This is notable in and of itself, because Star Wars has long shied away from anything that suggests an intimate connection between two characters. The original series might best be remembered for its central relationship being ruptured by the revelation of relation; Solo: A Star Wars Story had the opportunity to explore Lando's pansexuality but chickened out with queerbaiting; and a recent plot of The Mandalorian literally had the title character shut down a woman asking him to take off his armor. "The hottest couple in Star Wars" is a human and a robot.
And sure enough, along comes The Rise of Skywalker, and in it Abrams squanders all of The Last Jedi's romantic groundwork. The first and most egregious of Skywalker's crimes is dispensing with Rose. Despite having been one of the most important people in The Last Jedi, she gives an unconvincing excuse for why she's being written out of the script (something about needing to go study Destroyer designs to prepare for the battle), then almost never appears in the movie again. While many critics have complained about The Rise of Skywalker feeling overstuffed and rushed, that is still no excuse for shunting off Rose and giving screentime in her place to, say, a random and virtually inconsequential new droid that looks like the Pixar lamp.

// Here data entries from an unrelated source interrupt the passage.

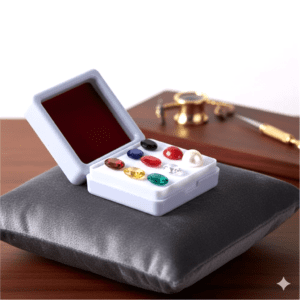 Navratna Stones- Ideal for Pendant, Bracelet And Ring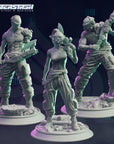 Outlaw Psycho Gang, The Hoodless - 3d Printed Miniature by Cyberstash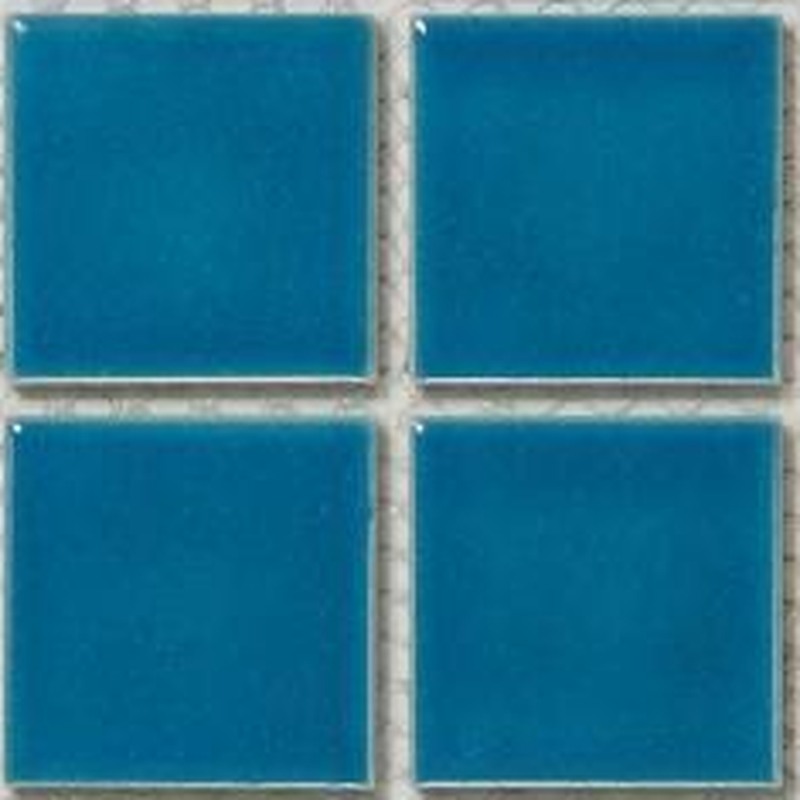 48x48mm Petrol Blue Ice Crack Porcelain Mosaic Tiles TQ24-4822-11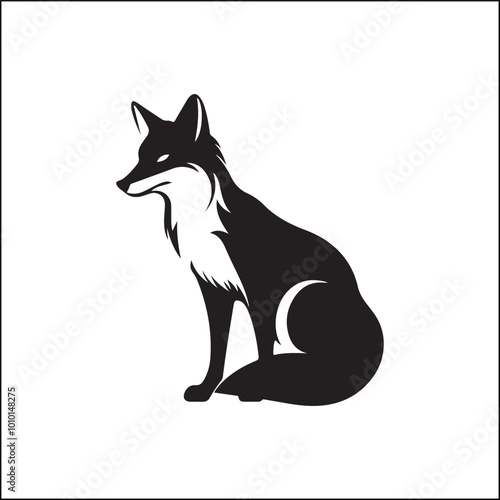 fox in the woods,animal, dog, cartoon, vector, illustration, fox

Which brings us to Finn. The sidelining of Rose might have been at least tolerated if it were a technique to leave Finn as an available partner for Rey. The script even seems to flirt with this idea: When Finn and Rey are sinking in quicksand, Finn gasps that he has something to tell her — an obvious wink at the trope of the dying declaration of love, which Star Wars has deployed before. But Finn never finishes the thought. Ever. For the rest of the movie. Instead, he is inexplicably paired up with a new partner, Jannah, who is mortifyingly underdeveloped, not to mention redundant. Again, where the heck is Rose?
Rey's romantic arc is at least a bit more satisfying. "Reylo" fans finally got the kiss they'd been yearning for, but it's quickly followed by Ben dying, which frees up Rey to potentially get with Finn. The whole execution feels like Abrams is trying to have his cake and eat it too by pandering to both fans who wanted Rey to end up with Ben, and fans who wanted her to end up with Finn. What's even stranger is, with Rey symbolically embracing Luke and Leia as her parents at the movie's end, Star Wars walks straight into another incest conundrum since that makes Ben her ... adopted brother? Meanwhile Poe, who never had a love interest beyond possibly Finn, is hastily given a former lover, Zorii Bliss, who, as a non-character, is an insult to the immensely talented Keri Russell.
To its credit, The Rise of Skywalker doesn't dutifully pair off all its characters at the end in any obvious way, which is an obnoxious and persistent anxiety shared by basically every other movie that gets made. But there is a happy medium somewhere between making Star Wars an R-rated sex romp and obliterating every relationship that made it so special. Even the platonic friendship between the heroes seems forced, rather than organic, by the movie's end.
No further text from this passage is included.